Right-wing bloggers often display a surprising lack of irony, lack of sense of self, when they criticize the Left:
Try as I might, I found it hard to rant and rail against liberals for their incredibly stupid, delibertately dishonest caterwauling about interrupting the Tom Lantos memorial service with a procedural motion on FISA when it was the Speaker’s admitted fault that the motion was unavoidable under the rules and that a scheduling snafu had occurred to boot.
Did that stop the “Republicans polticize the dead” crowd from throwing a tantrum worthy of any two year old? Of course not. And to make the criticism ascend to the level of sublime irony, it seems our lefty friends forget that Google has gone public and is actually making a little money now. If I typed in the name “Paul Wellstone” and added “Memorial Service” to the search, you would come across a story so profoundly disturbing that you would be forgiven for wretching while reading it.
. . . There have been other examples of the left using dead people like political clubs. Accusing the GOP of doing so when a simple reading of the rules would have given the lie to that meme propelled the left wingosphere beyond contempt and into the stratosphere of malicious mischief.
Well, that’s too many words wasted on this Right-wing pundit, but I wanted you to see and feel the depths of his idiocy.

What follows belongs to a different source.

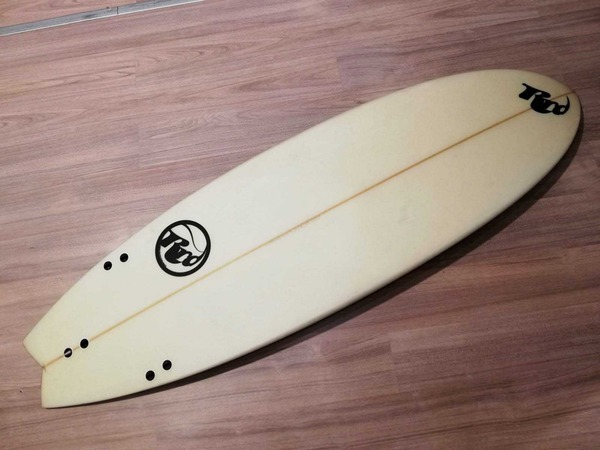 RRD - Fish 6'0 Usata ottime condizioni *SPEDIZIONE GRATUITA IN ITALIA*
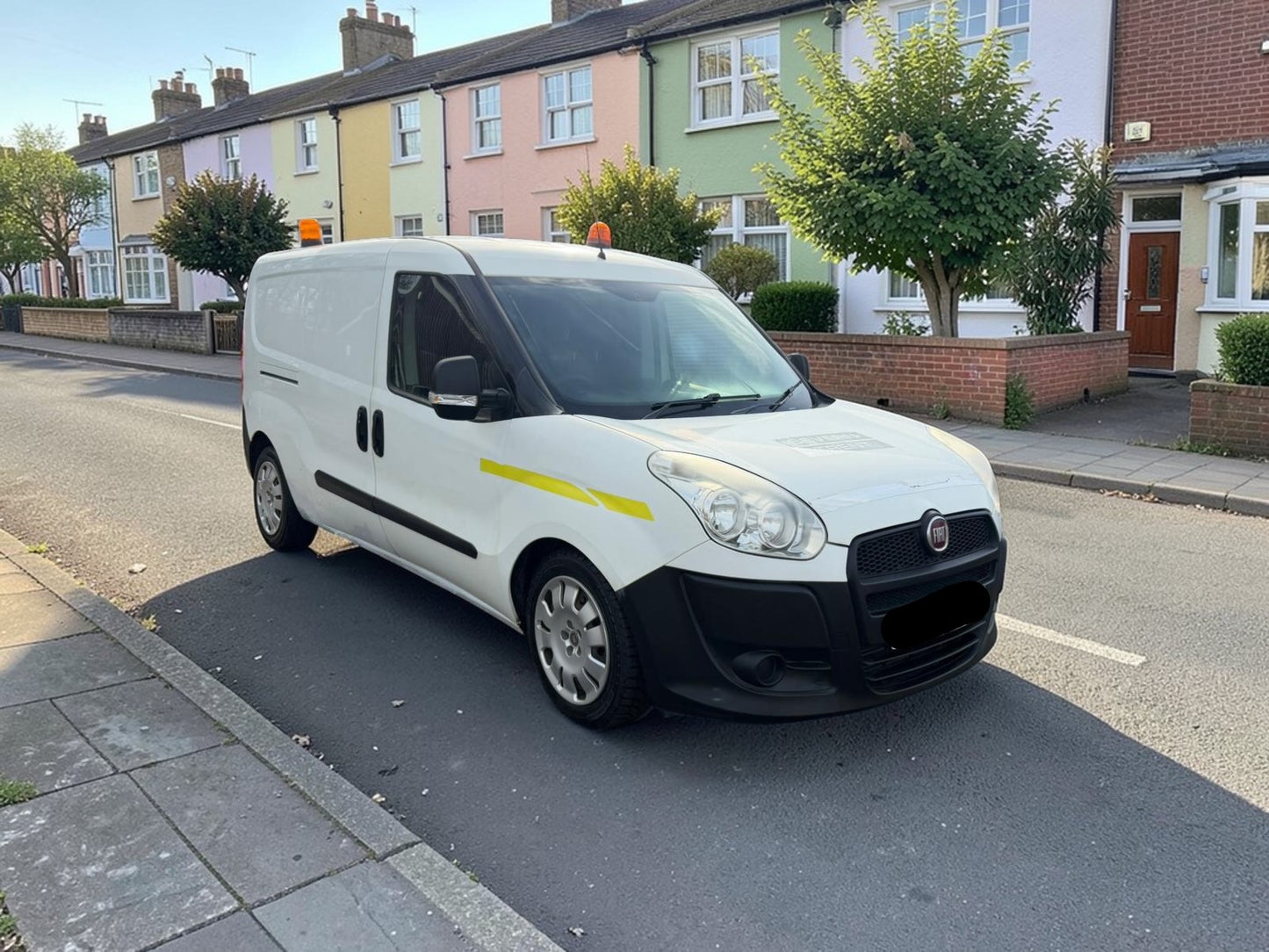 **(ONLY 102K MILEAGE)** 2013 FIAT DOBLO 16V MULTIJET L1H1 1598CC DIESEL MANUAL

First, the alleged debauchery of the Wellstone memorial has been thoroughly debunked; this guy wasn’t there, he merely believed Hannity, Limbaugh, et al.
But more importantly, regarding "politicizing the dead", I give you: Reagan:
Lifeguard, athlete, movie star, governor, president -- there wasn't much that Ronald
Reagan did not do in his lifetime.
Romney said Reagan in 2006:
The day after the midterm elections, Gov. Mitt Romney, reflecting on the GOP's punishing losses, issued a clarion call to conservatives: "We must return to the common-sense Reagan Republican ideals."

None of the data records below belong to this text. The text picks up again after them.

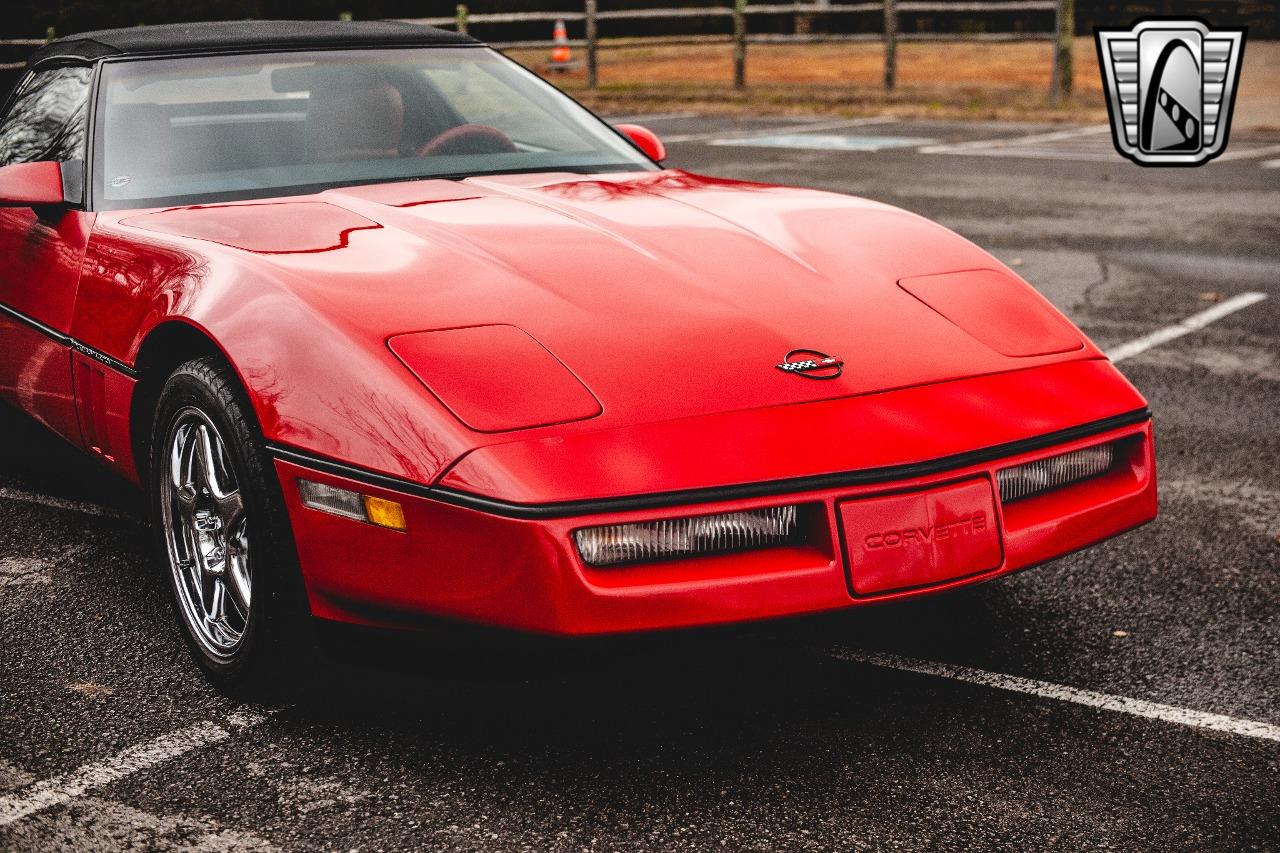 1989 Chevrolet Corvette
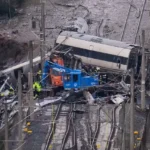 "Tragedia en la vía férrea: Tren se descarrila en Barcelona horas después de un nuevo accidente ferroviario en España"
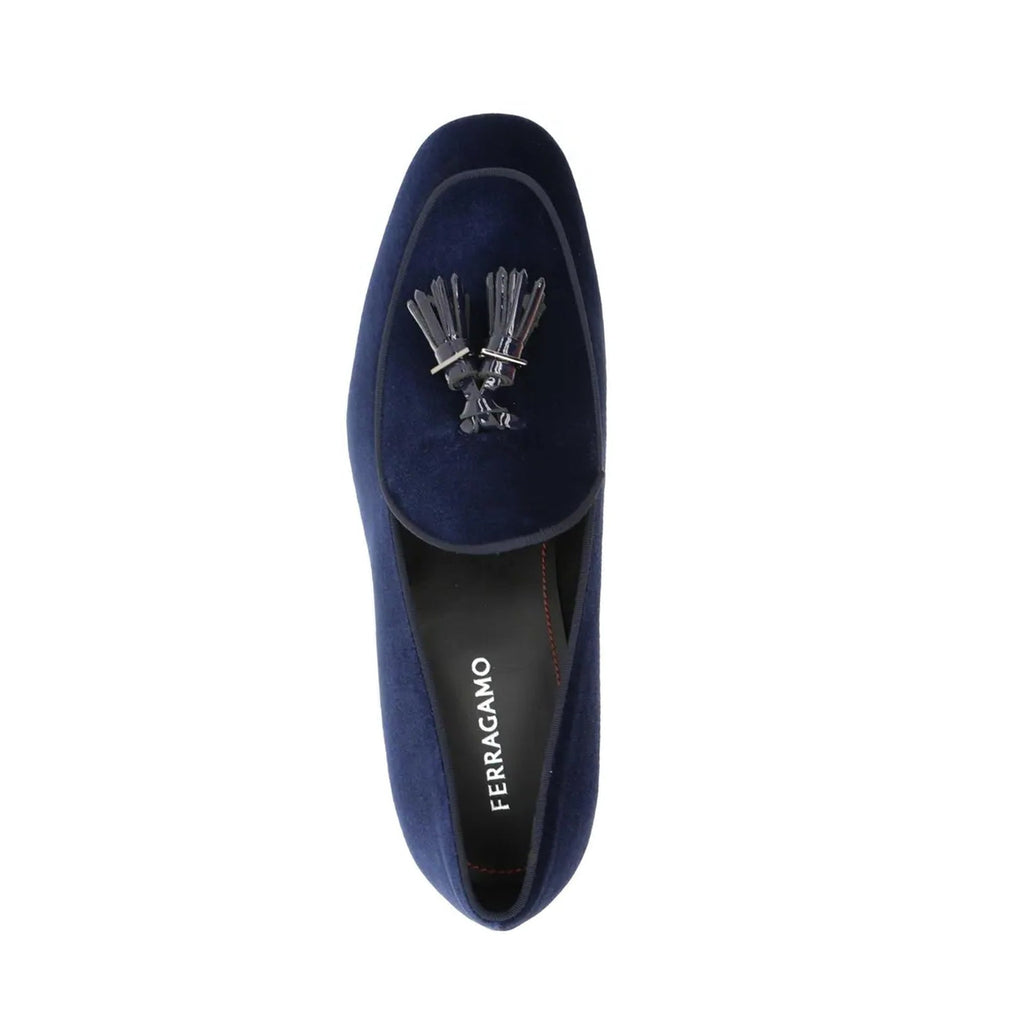 Mocassins - Salvatore Ferragamo Donovan - Blue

Three days later, at a State House Veterans Day ceremony, Romney invoked the former president again, saying, "As Ronald Reagan once said, 'I have seen four wars during my lifetime and none of them began because America was too strong."'
McCain said Reagan:
So when John McCain said, after his victory in South Carolina, that he was a foot soldier in the Reagan revolution and is running for president "not to be something, but to do something" he was making clear that on a range of issues -- from defending the nation to reducing the size of government -- he would bring a new vitality to the Reagan revolution.
Thompson said Reagan:
Former Arkansas Gov. Mike Huckabee on Friday said he’s more of a Reagan Republican than former Sen. Fred Thompson (R-Tenn.).
Huckabee said Reagan:
“I appreciate his conversion, but some of us were with Ronald Reagan in the early years,” Huckabee said.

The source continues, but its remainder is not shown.